Al momento della valutazione finale il tutor sconta un certo disagio nel giudicare le abilità e competenze del neo-laureato, che dovrebbe essere preminenti rispetto alla valenza formativa che viene impropriamente ad assumere il tirocinio stesso. Il sistema proposto infatti presuppone una valutazione decontestualizzata della competenza acquisita, mentre nella realtà fattuale il tirocinio serve più che altro a colmare le lacune pratiche del neo-laureato, specie per quanto riguarda il procedimento diagnostico nel contesto epidemiologico e relazionale territoriale, tema trascurato a favore della tradizionale semeiotica di tipo ospedaliero. 
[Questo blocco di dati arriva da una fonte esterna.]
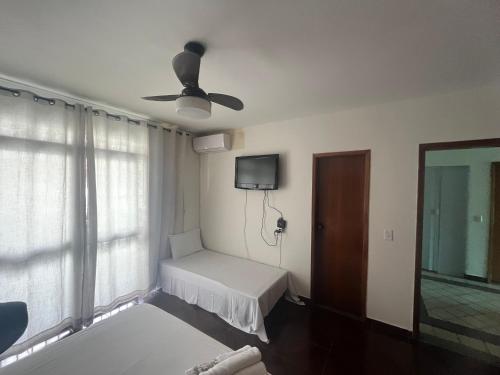 a room with a bed and a ceiling fan at Bueno completo Ar split, Tv a cabo, Wi-Fi Ultra e estacionamento privativo na melhor localização de Goiânia! in Goiânia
Non c'è nulla di più utile dell'esperienza sul campo per attivare processi meta-cognitivi, di apprendimento e riflessione nel corso dell'azione, proposti quotidianamente a 360 gradi dai problemi del contesto ambulatoriale. Così il tirocinio da momento valutativo evolve in occasione di apprendimento compensativo della formazione di base, per via dei limiti di una formazione prettamente “cognitiva”, messa all'indice dai pedagogisti medici nella lista "nera" stilata per "Fare di più non significa fare meglio". Come afferma la psicologa sociale Zucchermaglio è "necessario ridare centralità alle pratiche reali con cui le persone imparano e lavorano nei contesti lavorativi e di vita quotidiana e superare una visione razionalista, individualistica ed empiristica dell'apprendimento e della conoscenza".